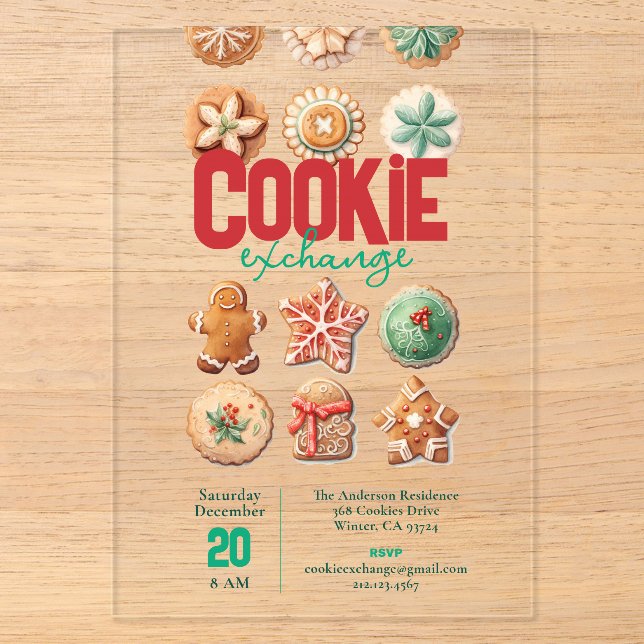 Invitations En Acrylique Cookie Exchange Cute Christmas Holiday Party (Recto)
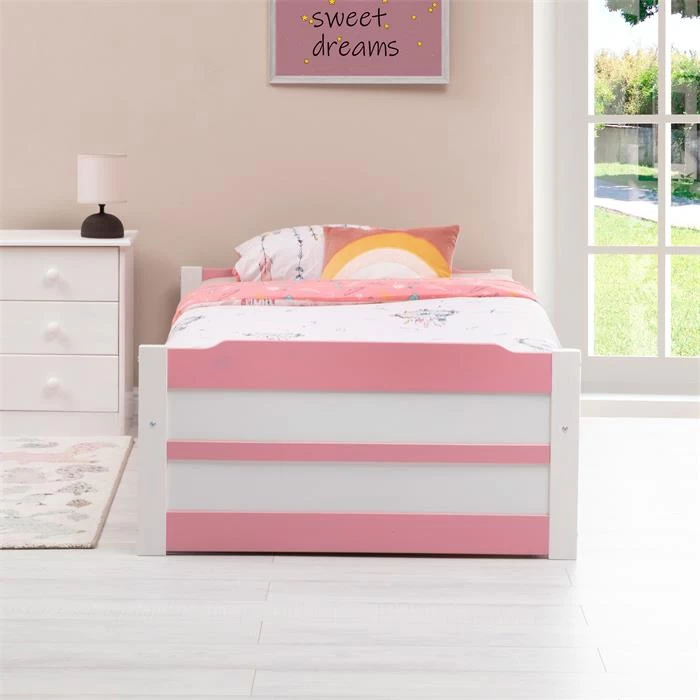 Ausziehbett LORENA 90x190 Cm, Kiefer In Weiß/rosa 5 Ausziehbett LORENA 90x190 Cm, Kiefer In Weiß/rosa – Bild 5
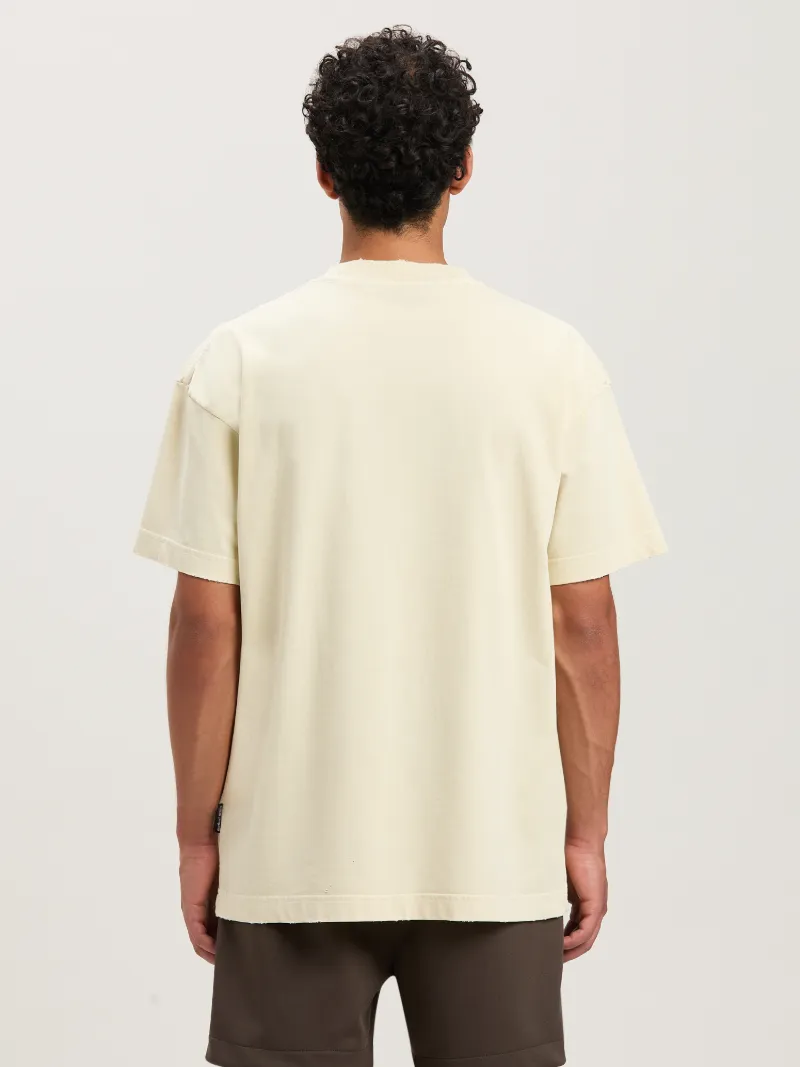 Palm Angels Ivory T-shirt With Front Bear Print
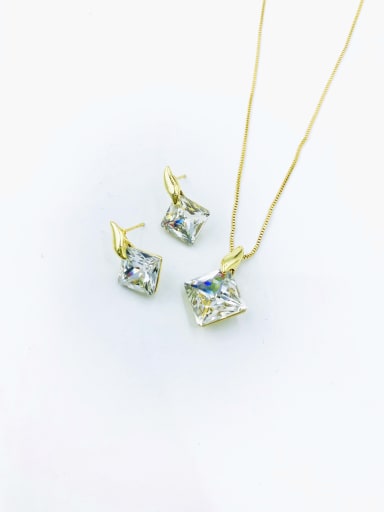 Minimalist Square Zinc Alloy Glass Stone Blue Earring and Necklace Set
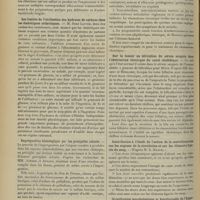 1002 - Page 992 - Sociétés savantes. Société de biologie. (Séance du 21 juillet 1906). Action des solutions d'argent colloïdal sur le bacille pyocyanique. MM. Charrin, V. Henri et Monier-Vinard / Les limites de l'utilisation des hydrates de carbone chez les diabétiques arthritiques. M. René Laufer / Imprégnation histologique par les précipités colorés. MM. Achard et Aynaud / Conception pathogénique du rhumatisme chronique progressif. MM. Léopold Lévi et Henri de Rothschild / Sur la teneur en bilirubine du sérum sanguin dans l'obstruction chronique du canal cholédoque. MM. Gilbert et Herscher / Contribution à l'étude de l'action de la convallamarine sur les organes de la circulation et sur les éléments figurés du sang. M. E. Maurel / Signification morphologique et fonctionnelle de l'hypothyse. M. Aug. Pettit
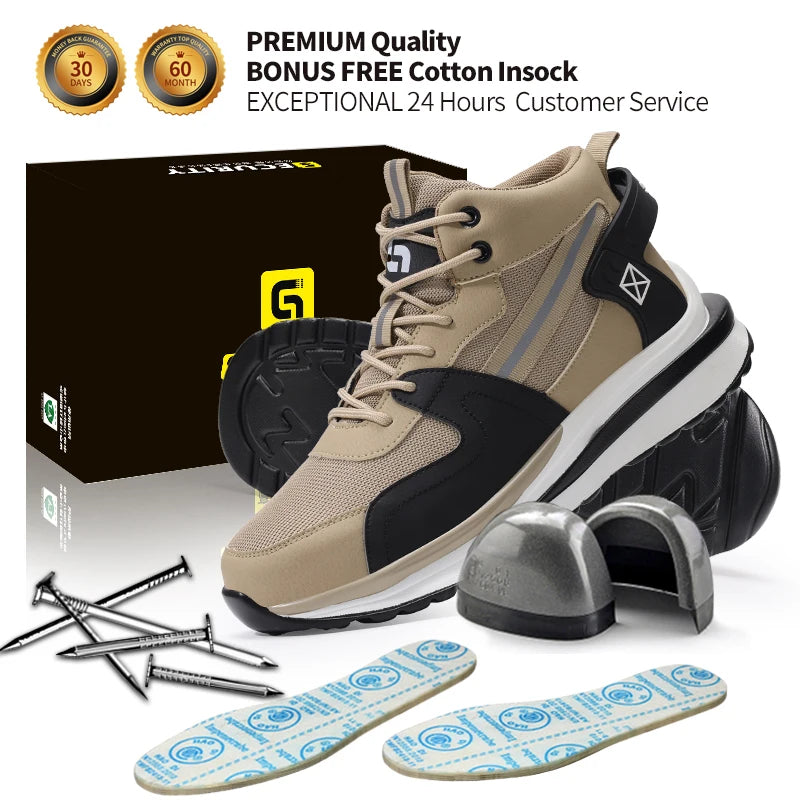 GUYISA Anti-Puncture Safety Shoes with Microfiber Upper Functional Work Boots with Steel Insole PU Outsole New Style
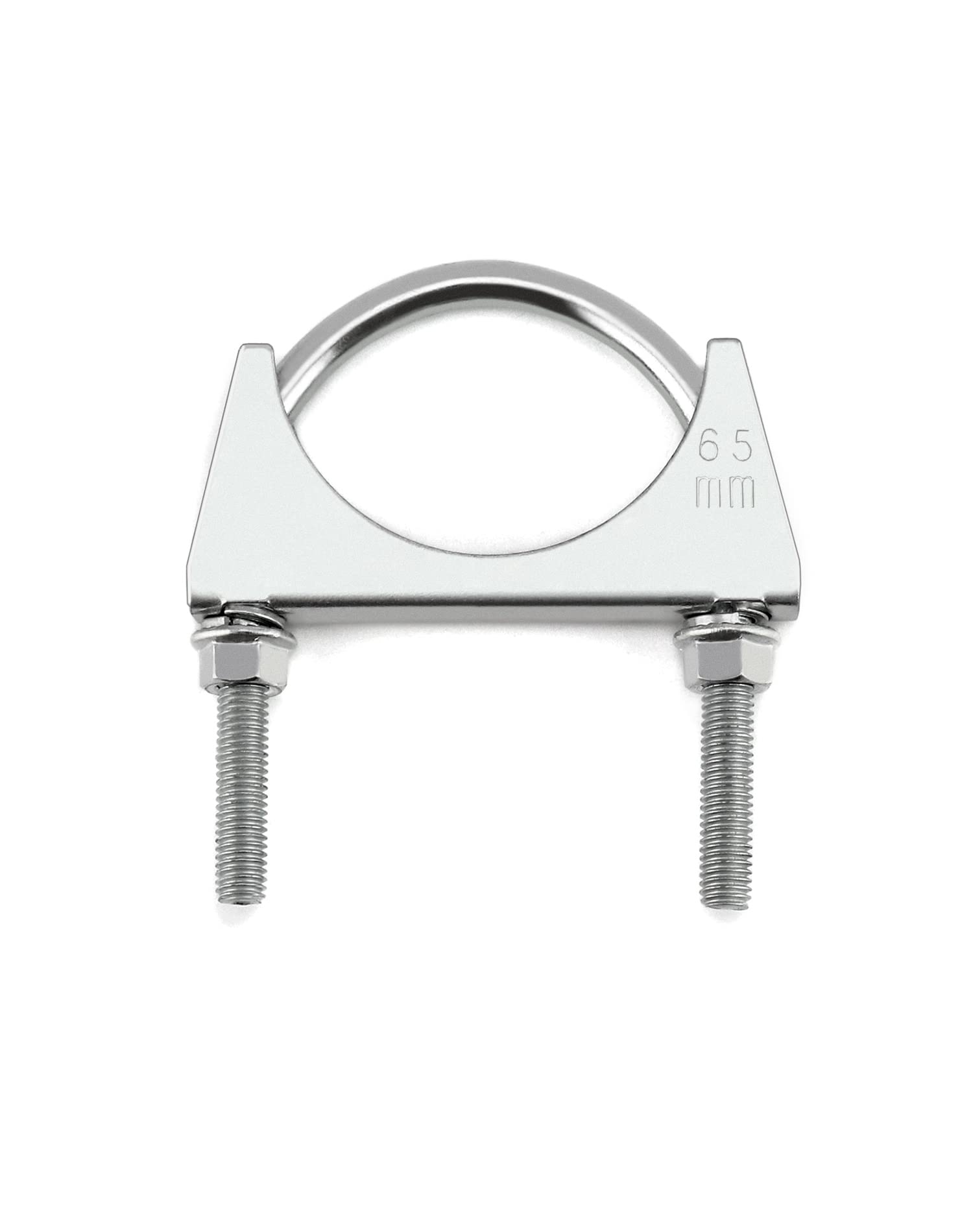 QWORK Stainless Steel U-Bolt Muffler/Exhaust Clamp, 2.5 Diameter, 4 Pack - Durable Exhaust Hook for Secure Installation
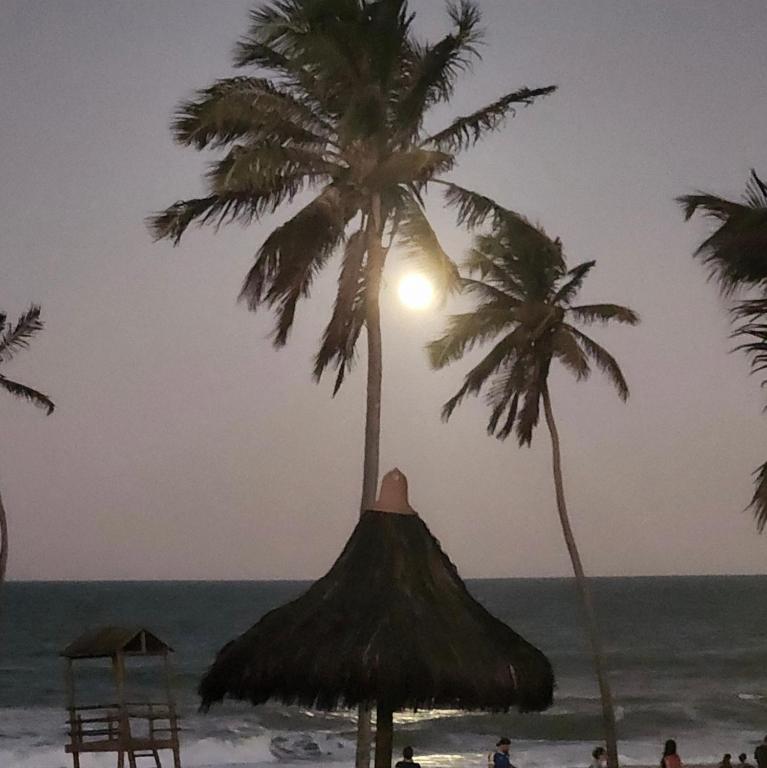 a straw hut on the beach with palm trees at VG Cumbuco J&Y in Caucaia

- - - - - - -

§ **ABOUT THIS EXERCISE**: Beginning with the line that contains "QWORK Stainless Steel" and ending with the final line of the material, reproduce those lines exactly and nothing else. Omit the pictures.

§ **RESPONSE TO THIS TASK**:
 QWORK Stainless Steel U-Bolt Muffler/Exhaust Clamp, 2.5 Diameter, 4 Pack - Durable Exhaust Hook for Secure Installation
 a straw hut on the beach with palm trees at VG Cumbuco J&Y in Caucaia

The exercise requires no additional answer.